Tally the lines below that contain the word "Black", and give only that number.

=== Begin Enclosure ===

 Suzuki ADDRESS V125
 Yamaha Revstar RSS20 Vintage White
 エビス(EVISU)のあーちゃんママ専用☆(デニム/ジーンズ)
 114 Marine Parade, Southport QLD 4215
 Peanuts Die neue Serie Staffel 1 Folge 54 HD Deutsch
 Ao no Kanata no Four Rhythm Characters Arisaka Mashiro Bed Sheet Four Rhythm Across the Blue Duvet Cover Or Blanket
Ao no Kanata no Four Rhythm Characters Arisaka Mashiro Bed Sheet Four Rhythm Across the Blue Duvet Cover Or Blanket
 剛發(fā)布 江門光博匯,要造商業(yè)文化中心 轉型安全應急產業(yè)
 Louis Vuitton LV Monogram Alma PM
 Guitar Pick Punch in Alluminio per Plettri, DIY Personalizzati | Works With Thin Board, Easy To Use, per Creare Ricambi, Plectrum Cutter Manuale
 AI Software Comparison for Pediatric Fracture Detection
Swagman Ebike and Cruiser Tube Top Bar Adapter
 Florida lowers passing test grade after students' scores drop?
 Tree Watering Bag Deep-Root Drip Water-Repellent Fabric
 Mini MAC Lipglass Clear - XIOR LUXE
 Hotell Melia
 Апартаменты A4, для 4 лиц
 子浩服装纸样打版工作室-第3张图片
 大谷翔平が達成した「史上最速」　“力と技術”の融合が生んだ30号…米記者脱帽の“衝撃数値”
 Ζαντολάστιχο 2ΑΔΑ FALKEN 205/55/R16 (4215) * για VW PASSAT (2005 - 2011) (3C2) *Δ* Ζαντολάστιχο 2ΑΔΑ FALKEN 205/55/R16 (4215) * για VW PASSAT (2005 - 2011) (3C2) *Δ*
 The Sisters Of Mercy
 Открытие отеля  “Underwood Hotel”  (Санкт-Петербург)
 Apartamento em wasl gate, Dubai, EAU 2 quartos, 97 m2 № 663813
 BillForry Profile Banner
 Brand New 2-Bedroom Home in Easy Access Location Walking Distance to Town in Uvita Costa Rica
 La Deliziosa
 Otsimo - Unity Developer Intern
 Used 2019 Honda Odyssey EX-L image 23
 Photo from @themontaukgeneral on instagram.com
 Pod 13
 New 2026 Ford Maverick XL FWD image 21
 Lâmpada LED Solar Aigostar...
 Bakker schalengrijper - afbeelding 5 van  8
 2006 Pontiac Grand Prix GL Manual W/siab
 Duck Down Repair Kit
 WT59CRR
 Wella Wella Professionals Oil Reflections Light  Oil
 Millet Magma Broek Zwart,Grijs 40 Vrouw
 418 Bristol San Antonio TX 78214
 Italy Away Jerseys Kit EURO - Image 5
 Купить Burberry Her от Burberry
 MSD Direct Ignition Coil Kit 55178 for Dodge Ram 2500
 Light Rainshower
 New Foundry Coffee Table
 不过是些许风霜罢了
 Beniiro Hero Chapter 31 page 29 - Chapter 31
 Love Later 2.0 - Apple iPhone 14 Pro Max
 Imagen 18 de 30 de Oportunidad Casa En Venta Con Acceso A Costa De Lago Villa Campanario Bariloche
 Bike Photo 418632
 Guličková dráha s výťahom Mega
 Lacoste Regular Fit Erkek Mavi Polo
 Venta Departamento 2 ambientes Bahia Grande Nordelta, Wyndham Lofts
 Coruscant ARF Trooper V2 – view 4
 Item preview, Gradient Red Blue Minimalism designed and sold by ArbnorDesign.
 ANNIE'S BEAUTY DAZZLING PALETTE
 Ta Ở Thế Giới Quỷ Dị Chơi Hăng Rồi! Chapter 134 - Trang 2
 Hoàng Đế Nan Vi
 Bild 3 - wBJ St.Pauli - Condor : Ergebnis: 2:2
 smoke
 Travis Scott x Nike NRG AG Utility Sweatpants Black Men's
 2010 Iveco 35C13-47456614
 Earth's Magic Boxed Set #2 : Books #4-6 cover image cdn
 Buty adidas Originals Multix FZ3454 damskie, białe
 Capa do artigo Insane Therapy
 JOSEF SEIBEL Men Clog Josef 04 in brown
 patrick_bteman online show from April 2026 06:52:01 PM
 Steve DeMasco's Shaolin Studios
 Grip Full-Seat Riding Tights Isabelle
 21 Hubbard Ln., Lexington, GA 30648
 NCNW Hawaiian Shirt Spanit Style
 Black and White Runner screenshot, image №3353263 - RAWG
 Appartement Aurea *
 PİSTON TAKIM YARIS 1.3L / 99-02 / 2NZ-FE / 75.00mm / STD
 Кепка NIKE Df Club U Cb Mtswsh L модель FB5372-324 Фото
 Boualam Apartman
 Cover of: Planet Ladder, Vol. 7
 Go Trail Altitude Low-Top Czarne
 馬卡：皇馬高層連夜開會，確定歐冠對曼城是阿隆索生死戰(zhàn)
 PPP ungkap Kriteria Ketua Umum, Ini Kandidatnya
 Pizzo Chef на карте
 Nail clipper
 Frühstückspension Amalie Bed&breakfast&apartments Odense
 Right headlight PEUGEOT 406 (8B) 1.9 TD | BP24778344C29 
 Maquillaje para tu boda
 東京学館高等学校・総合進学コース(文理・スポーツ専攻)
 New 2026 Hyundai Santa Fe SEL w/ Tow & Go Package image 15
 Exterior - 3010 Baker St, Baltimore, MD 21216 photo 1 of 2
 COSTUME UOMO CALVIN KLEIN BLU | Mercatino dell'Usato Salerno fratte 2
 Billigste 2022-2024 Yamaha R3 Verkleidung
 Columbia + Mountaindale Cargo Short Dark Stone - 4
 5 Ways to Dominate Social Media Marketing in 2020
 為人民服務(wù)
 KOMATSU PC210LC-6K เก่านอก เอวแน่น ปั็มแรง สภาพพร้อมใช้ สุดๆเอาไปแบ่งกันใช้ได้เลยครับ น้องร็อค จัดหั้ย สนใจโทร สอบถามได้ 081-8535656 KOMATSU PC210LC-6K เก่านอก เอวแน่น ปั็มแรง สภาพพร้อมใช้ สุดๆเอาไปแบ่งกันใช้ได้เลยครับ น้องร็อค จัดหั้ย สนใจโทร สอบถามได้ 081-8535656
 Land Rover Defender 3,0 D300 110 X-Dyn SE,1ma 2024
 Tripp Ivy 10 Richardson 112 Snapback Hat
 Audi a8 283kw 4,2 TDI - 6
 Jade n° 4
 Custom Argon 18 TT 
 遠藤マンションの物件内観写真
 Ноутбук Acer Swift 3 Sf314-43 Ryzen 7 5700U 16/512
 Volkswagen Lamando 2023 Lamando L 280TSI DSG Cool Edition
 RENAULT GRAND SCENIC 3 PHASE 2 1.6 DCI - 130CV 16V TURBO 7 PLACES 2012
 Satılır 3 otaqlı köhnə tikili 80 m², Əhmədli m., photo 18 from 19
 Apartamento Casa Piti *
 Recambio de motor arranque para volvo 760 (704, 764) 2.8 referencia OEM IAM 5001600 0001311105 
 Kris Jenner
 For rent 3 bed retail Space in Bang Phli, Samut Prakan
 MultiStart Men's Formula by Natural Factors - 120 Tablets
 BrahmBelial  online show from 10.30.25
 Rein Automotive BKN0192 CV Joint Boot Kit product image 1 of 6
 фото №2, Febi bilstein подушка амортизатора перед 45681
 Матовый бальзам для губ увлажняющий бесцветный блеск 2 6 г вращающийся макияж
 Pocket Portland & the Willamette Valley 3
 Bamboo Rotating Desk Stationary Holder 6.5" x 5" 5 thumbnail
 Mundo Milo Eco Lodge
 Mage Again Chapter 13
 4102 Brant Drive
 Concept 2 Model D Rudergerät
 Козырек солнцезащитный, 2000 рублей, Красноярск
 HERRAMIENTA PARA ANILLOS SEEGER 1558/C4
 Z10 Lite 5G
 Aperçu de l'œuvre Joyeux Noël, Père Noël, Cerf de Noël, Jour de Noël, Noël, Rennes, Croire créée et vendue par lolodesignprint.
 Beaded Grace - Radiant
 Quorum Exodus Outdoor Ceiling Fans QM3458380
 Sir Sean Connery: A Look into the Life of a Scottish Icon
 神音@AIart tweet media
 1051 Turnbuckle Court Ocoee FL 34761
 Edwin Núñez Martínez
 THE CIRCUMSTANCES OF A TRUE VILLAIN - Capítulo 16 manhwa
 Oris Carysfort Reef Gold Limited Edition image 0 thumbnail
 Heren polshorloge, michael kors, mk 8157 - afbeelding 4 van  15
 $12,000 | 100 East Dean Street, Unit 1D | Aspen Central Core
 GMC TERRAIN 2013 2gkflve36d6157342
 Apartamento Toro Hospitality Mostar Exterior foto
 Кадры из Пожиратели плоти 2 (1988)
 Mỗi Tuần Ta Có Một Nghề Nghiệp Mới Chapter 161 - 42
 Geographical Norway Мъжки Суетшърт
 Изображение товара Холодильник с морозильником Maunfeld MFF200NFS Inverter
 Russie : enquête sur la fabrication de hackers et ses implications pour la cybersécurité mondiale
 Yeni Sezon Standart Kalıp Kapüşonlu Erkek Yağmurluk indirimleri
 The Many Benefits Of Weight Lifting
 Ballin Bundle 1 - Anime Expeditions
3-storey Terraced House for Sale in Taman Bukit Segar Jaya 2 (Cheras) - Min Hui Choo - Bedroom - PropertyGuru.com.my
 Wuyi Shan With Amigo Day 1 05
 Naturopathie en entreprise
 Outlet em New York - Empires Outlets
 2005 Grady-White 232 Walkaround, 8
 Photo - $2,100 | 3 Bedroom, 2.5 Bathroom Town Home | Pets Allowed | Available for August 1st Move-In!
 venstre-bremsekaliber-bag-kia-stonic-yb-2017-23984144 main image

=== End Enclosure ===

Result of this task:
2